• What you should do
Every line below is to be copied exactly, with the pictures left out.

[Stored data entries]
---
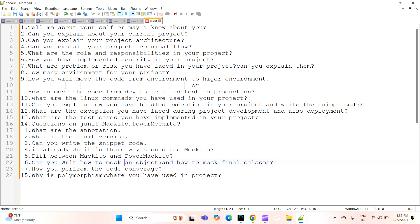The next question is: how do you perform code coverage — what are the ways to measure code coverage and how do you perform it? The next question is: what is polymorphism and where have you used it in your project? These are all real-time project-related interview questions from one of the top MNC interviewers — the latest interview questions for the project and last-round interviews. Thank you.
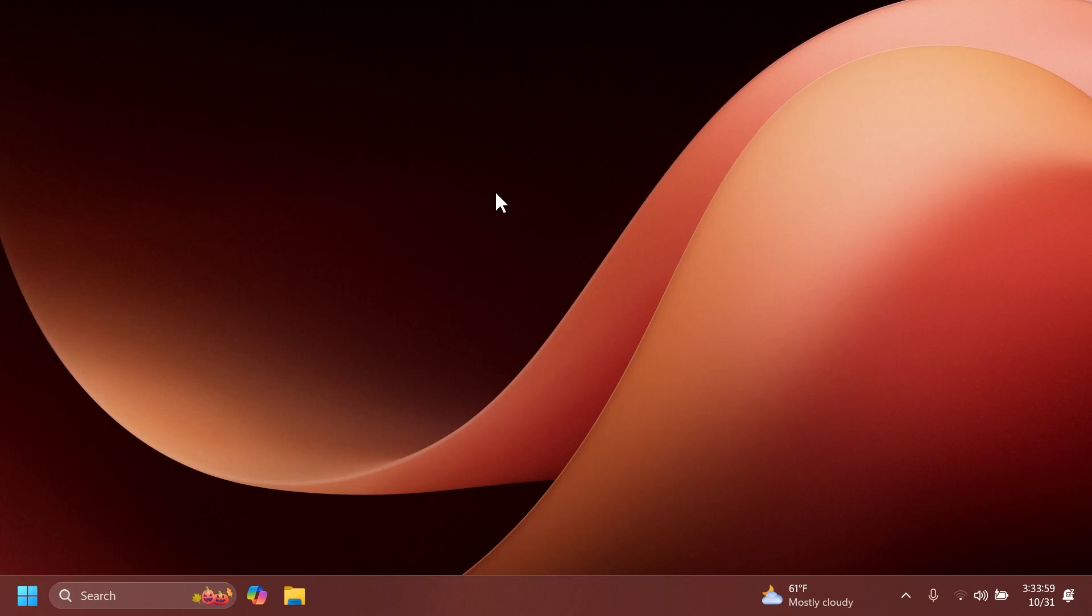Let's begin with the video. First of all, I want to give a huge shout out to Phantom of Earth on Twitter for providing images about this new feature because I don't have it yet. I don't have a Copilot Plus PC.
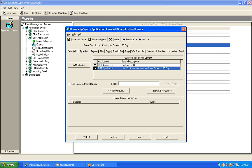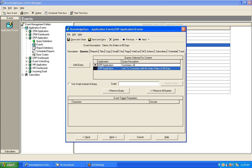Before we look at the configuration of these two queries, there is one very important item that you need to identify when linking queries together — the field that's going to enable KnowledgeSync to link data from query number one to query number two. You need to ask yourself: what field of data do these two queries have in common? Query number one is retrieving customer data, and query number two is looking at orders placed per customer. So the element of data that these two queries have in common is the customer number, which exists in both the list of customers and the list of orders per customer.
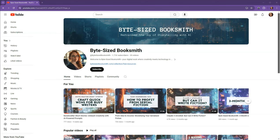Hey folks, welcome back to Bite Size Booksmith. My name is Angie, and on this channel we discuss AI-assisted strategies and tools that you can use to plan, write, publish, and promote your books.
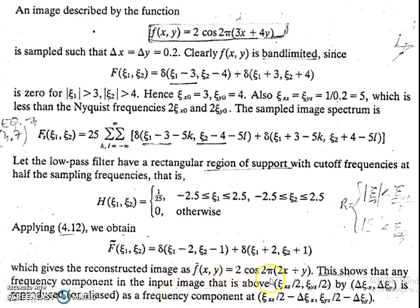Therefore, the spectrum of the reconstructed image F̃ of ζ₁, ζ₂ equals delta(ζ₁ − 2, ζ₂ − 1) plus delta(ζ₁ + 2, ζ₂ + 1), and the reconstructed image is F̃ of x, y equals 2·cos(2π(2x + y)). This is definitely an undersampling case. As an assignment, obtain the reconstructed signal when ζxs = ζys = 10 and verify you get back the correct signal. With this, image sampling is completed.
---
• The answer
The next question is: how do you perform code coverage — what are the ways to measure code coverage and how do you perform it? The next question is: what is polymorphism and where have you used it in your project? These are all real-time project-related interview questions from one of the top MNC interviewers — the latest interview questions for the project and last-round interviews. Thank you.
Let's begin with the video. First of all, I want to give a huge shout out to Phantom of Earth on Twitter for providing images about this new feature because I don't have it yet. I don't have a Copilot Plus PC.
Before we look at the configuration of these two queries, there is one very important item that you need to identify when linking queries together — the field that's going to enable KnowledgeSync to link data from query number one to query number two. You need to ask yourself: what field of data do these two queries have in common? Query number one is retrieving customer data, and query number two is looking at orders placed per customer. So the element of data that these two queries have in common is the customer number, which exists in both the list of customers and the list of orders per customer.
Hey folks, welcome back to Bite Size Booksmith. My name is Angie, and on this channel we discuss AI-assisted strategies and tools that you can use to plan, write, publish, and promote your books.
Therefore, the spectrum of the reconstructed image F̃ of ζ₁, ζ₂ equals delta(ζ₁ − 2, ζ₂ − 1) plus delta(ζ₁ + 2, ζ₂ + 1), and the reconstructed image is F̃ of x, y equals 2·cos(2π(2x + y)). This is definitely an undersampling case. As an assignment, obtain the reconstructed signal when ζxs = ζys = 10 and verify you get back the correct signal. With this, image sampling is completed.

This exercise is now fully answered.